Uma terceira classe era a dos pobres. Na sua maioria eram os diaristas e assalariados. Dentre eles encontravam-se alguns profissionais, mas a maioria sobrevivia em virtude da caridade e da esmola. Esses eram os mais próximos de Jesus cuja família era também modesta. José tinha a profissão de carpinteiro (Mc 6,3), e segundo a tradição, Jesus trabalhou junto com seu pai, José. Jesus e os discípulos pertenciam ao grupo de pobres. Era uma situação difícil e muitos deles tinham dificuldades de pagar os impostos exigidos pelo império. Muitas são as citações encontradas nos evangelhos que retratam essa realidade.

Temos ainda, entre o povo aqueles que eram escravos e viviam á mercê dos seus patrões. Tinham os escravos judeus que recebiam alguns benefícios segundo a lei. Quando o escravo era um pagão, ele era considerado propriedade do patrão.

Ainda na base da pirâmide encontra-se os miseráveis, aqueles considerados os indesejáveis na sociedade. Esses eram excluídos da sociedade e viviam em estado de extrema pobreza. Como exemplo os evangelhos citam os leprosos (Mc 1,40-45), mendigos, possessos do demônio (Mc 1,32-34, doentes mentais, cegos e coxos.

Aprendendo com os Evangelhos

Dos quatro evangelhos escritos o que mais aproxima da realidade na qual Jesus viveu é o Evangelho de Marcos, pois o mesmo foi escrito por volta dos anos 65 da era cristã, numa realidade próxima ao seu tempo. Os demais evangelhos foram escritos numa realidade e contextos diferentes, pois já havia ocorrido a destruição do Templo de Jerusalém e o povo já se encontrava disperso, fora de Israel. Mas eles tem como fonte o Evangelho de Marcos, bem como outras fontes e experiências de comunidades diferentes que vem enriquecer nosso aprendizado.

Fazendo um percurso nos evangelhos, com uma boa leitura, percebe-se que eles nos falam de Reino, de Rei, de Messias, de Filho do Homem, de Filho de Deus, Filho do Pai. Esta linguagem é própria de uma sociedade que, tendo uma experiência diferente da nossa, representava o universo social diferente. Esta sociedade ligada ao rei.
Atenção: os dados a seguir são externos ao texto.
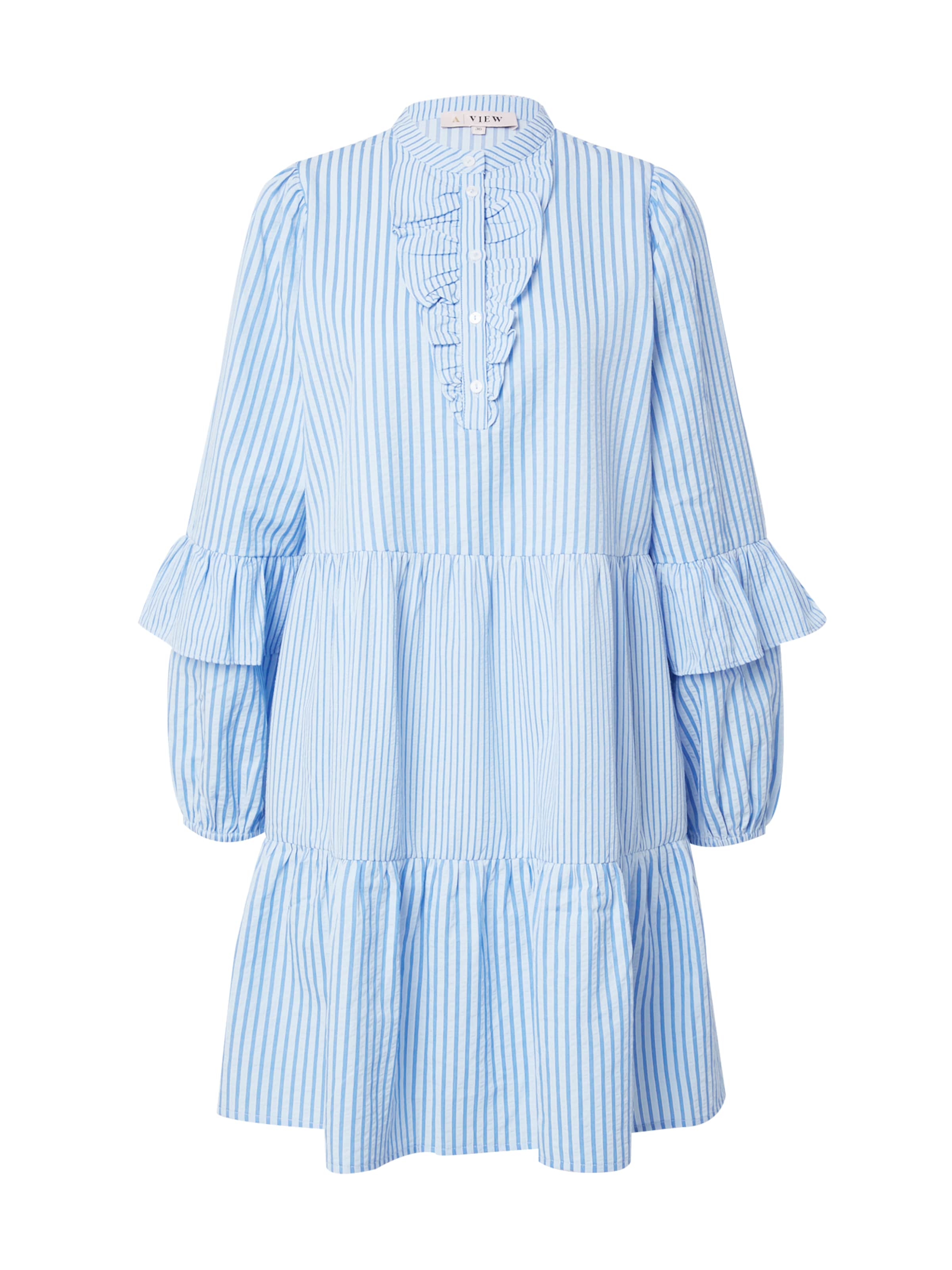 A-VIEW Рокля тип риза в синьо: отпред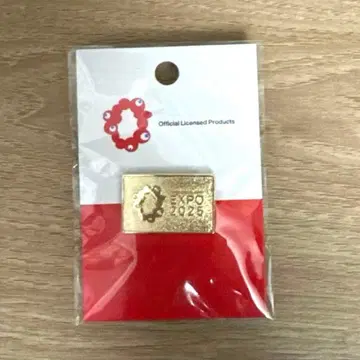 캐릭터 디자인 핀 배지 골드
O rei, ou imperador era a fonte da vida (responsável da fecundidade), fonte da verdade (ditava o direito, classificava as pessoas, detinha as palavras sagradas) e fonte do poder (o qual vem de Deus de quem o rei é o substituto e filho do reino).
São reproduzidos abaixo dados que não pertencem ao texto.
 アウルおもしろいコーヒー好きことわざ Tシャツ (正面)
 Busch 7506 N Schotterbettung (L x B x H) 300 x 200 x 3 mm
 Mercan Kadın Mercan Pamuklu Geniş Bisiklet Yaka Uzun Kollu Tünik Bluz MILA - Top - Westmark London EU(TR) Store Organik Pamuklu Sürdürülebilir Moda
Toda essa experiência de vida de Jesus e seus discípulos, na sociedade em que viviam são retratadas nos evangelhos., ensinamentos que podemos aplicar em nossas realidades utilizando-se dos meios e formas que Jesus trabalhou junto aos seus. Nesse sentido, podemos afirmar que sua experiência de vida vem carregada do tipo de vida do seu povo: os pastores, os vinhateiros, os agricultores, gente com as quais conviveram.

Hoje temos consciência de que o conhecimento do Jesus histórico nos ajuda a compreender melhor o sentido da nossa fé, pois não se trata apenas de conhecimento de conteúdo, mas de uma experiência adquirida na participação da prática de fé da Igreja que nos reenvia ao acontecimento nas fontes. Não se trata de tentar encontrar fatos ocorridos com Jesus, nem palavras ditas por ele, mas saber qual foi a relação entre o Jesus da história e a de seus discípulos na sociedade palestinense do século I. Trata-se de relação e não de conteúdo.

Nesse sentido a busca do conhecimento de Jesus no seu tempo poderá contribuir para nos ajudar a situarmos no mundo moderno numa relação semelhante àquela que Jesus e os seus discípulos tiveram com seu próprio mundo.

Neuza Silveira de Souza

Coordenadora do Secretariado Arquidiocesano Bíblico-Catequético de Belo Horizonte.